Lockdown #11

May 26, 2020

  • At 8am on May 18th, more than 2000 pairs of children’s shoes were placed in London’s Trafalgar Square with people holding a banner saying ‘Covid today > Climate tomorrow > Act Now’
  • Extinction Rebellion are calling on the government to act on the climate crisis during the coronavirus recovery so children and young people aren’t left to suffer a deeper crisis
  • Shoes were donated by local neighbours, parents and teachers across London who are scared for their children’s future, with Extinction Rebellion pledging to give them to Shoe Aid following the action
  • The protest comes as UK lockdown begins to ease and the government begins bailing out carbon intensive industries, writing off chances of keeping within Paris Climate Agreement promises
  • A stark reminder to us all – this is about our children and grandchildren, and time is really running out….
  • Talking of stark, I’ve written to ‘my friend’ Chris Stark at the Committee on Climate Change, asking him – has the Climate Assembly UK I reported on last week had links with Extinction Rebellion? One of their/our demands is for a people’s assembly…..It’s so important we all work together – for the common good.

Climate change can still be tackled – but only if people are willing to embrace major shifts in the way we live, a report says, out soon in the journal Environmental Research Letters.

I think I’ve heard that before; but of course it’s worth repeating, and also hopeful. We do need to get on with it, though!

What is new about this report is its statement:

‘The response to the Covid-19 crisis has shown that the public is willing to accept radical change if they consider it necessary.’

And the report adds that government priorities must be re-ordered.

Protecting the planet must become the first duty of all decision-makers, the researchers argue.

The authors, led by Dr Diana Ivanova from Leeds University, urge the public to contribute by adopting the carbon-cutting measures in the report, which is based on an analysis of 7,000 other studies.

Top of their list is living car-free, or, next best, using a battery electric car. Taking one less long-haul flight a year is next – better to stop flying all together of course, but this option is good for families separated across the world (thinking of several friends of mine…).

Switching to renewable energy suppliers is fourth; and insulating your home is sixth, with installing air-source heat pumps eighth. Those last two are too expensive for many people of course, which is why continued pressure needs to be put on government to provide serious help. Fifth is using public transport – to be restored/given a new lease of life, after the fear of being close to people caused by this pandemic…?!….

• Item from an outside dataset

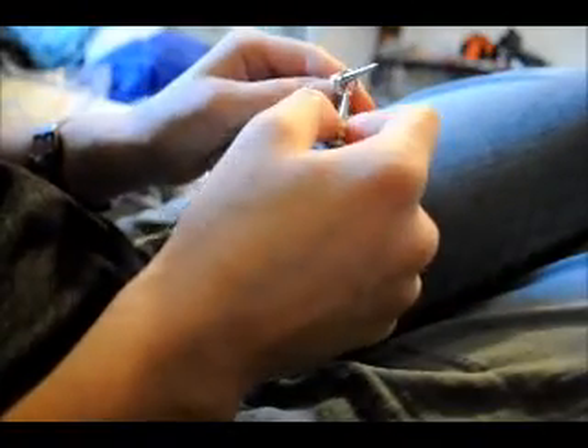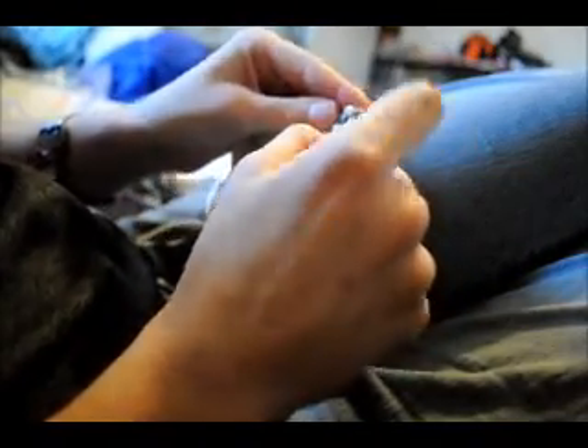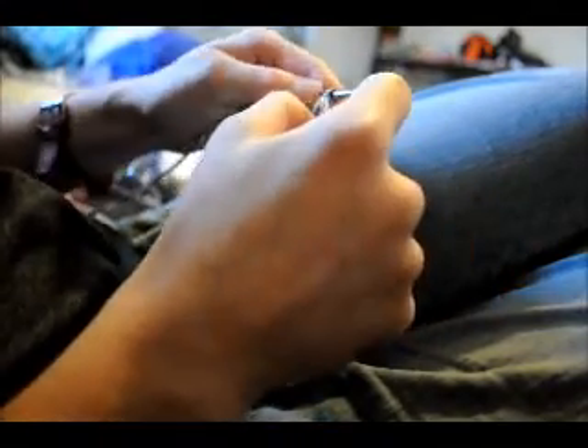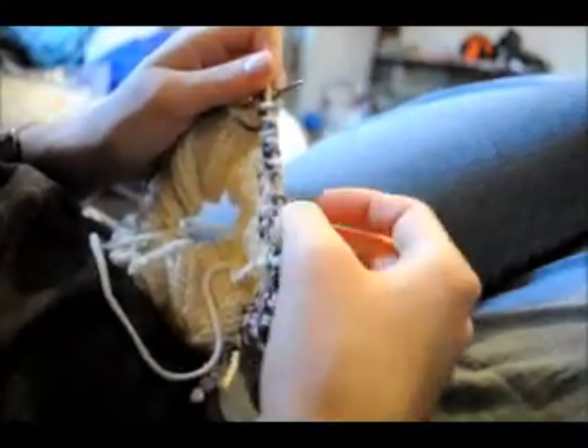Now I'm at my marker, I'm going to slip my marker, and then I'm going to continue to purl 14 more back. I've purled 14 back after the marker.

Finally (well, in seventh place in this list, actually) is switching to a vegan diet. I have doubts that many ‘regular’ people are willing to  do this; but eating no/less meat would be a start, as well as cutting down on dairy produce. So much land in the world is wasted, feeding animals to feed us….

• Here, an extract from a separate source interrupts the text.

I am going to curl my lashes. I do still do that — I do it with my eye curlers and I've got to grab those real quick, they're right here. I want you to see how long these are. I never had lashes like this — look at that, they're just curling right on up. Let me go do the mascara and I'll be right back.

Now, a couple of pieces of good news: 

Beer and soft drinks could soon be sipped from “all-plant” bottles under new plans to turn sustainably grown crops into plastic in partnership with major beverage makers. A biochemicals company in the Netherlands hopes to kickstart investment in a pioneering project to make plastics from plant sugars rather than fossil fuels.

Carlsberg and Coca Cola are backing the project.

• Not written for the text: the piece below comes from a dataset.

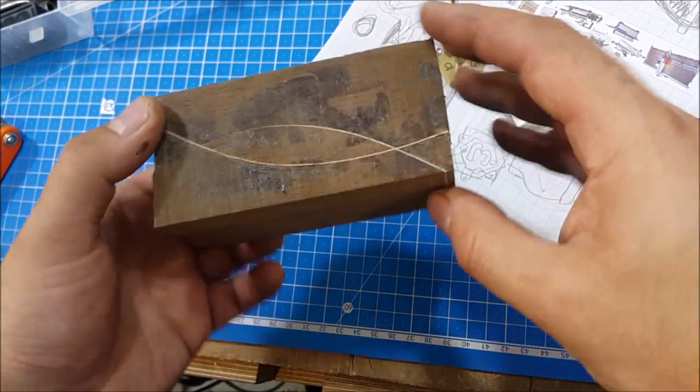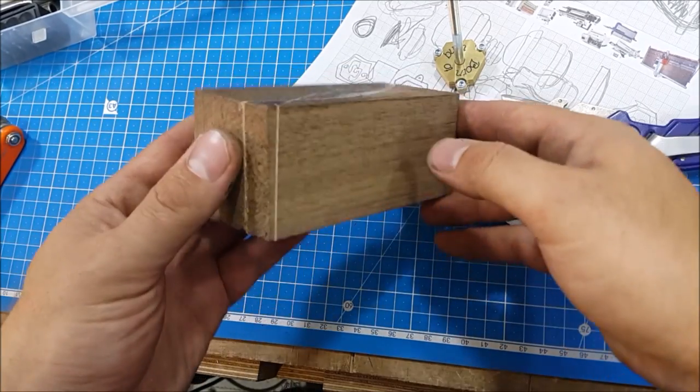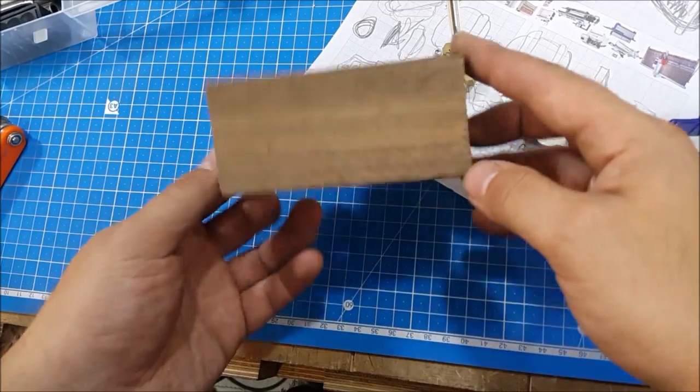It's a piece of walnut and glued veneer inside. I had prepared this piece for some project but did not use it.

Come to think of it, possibly this first piece of news is slightly less than completely good….do we want the land reclaimed from animal farming to be instead used for ‘growing’ plastic….?! Can’t we simply learn to do without plastic bottles?

The second piece of news is definitely good (& concerns Coca Cola’s rival/competitor) – after more than 5 years of campaigning, PepsiCo has changed its palm oil sourcing policy, and agreed to use its influence with other companies to end rainforest destruction and human rights abuses. PepsiCo is the world’s second-largest food and beverage company, producing so many snacks (including Doritos…label reading is so important!). So we/Sum of Us (with our petitioning & campaigning) has managed to persuade a huge company to ditch its destructive ways.

Deforestation is a huge problem, for the planet and for orang-utans….

(sorry, I couldn’t get rid of the bullet points from that first XR extract…etc..)

2 thoughts on “Lockdown #11

  1. I am hopeful that people have learnt and felt empowered by some of the actions they have been able to take because of the pandemic, little things like growing some of your own food in a vegie garden and making your own bread. The uptake in biking is also a great sign. The making alternatives to plastic also had me wondering.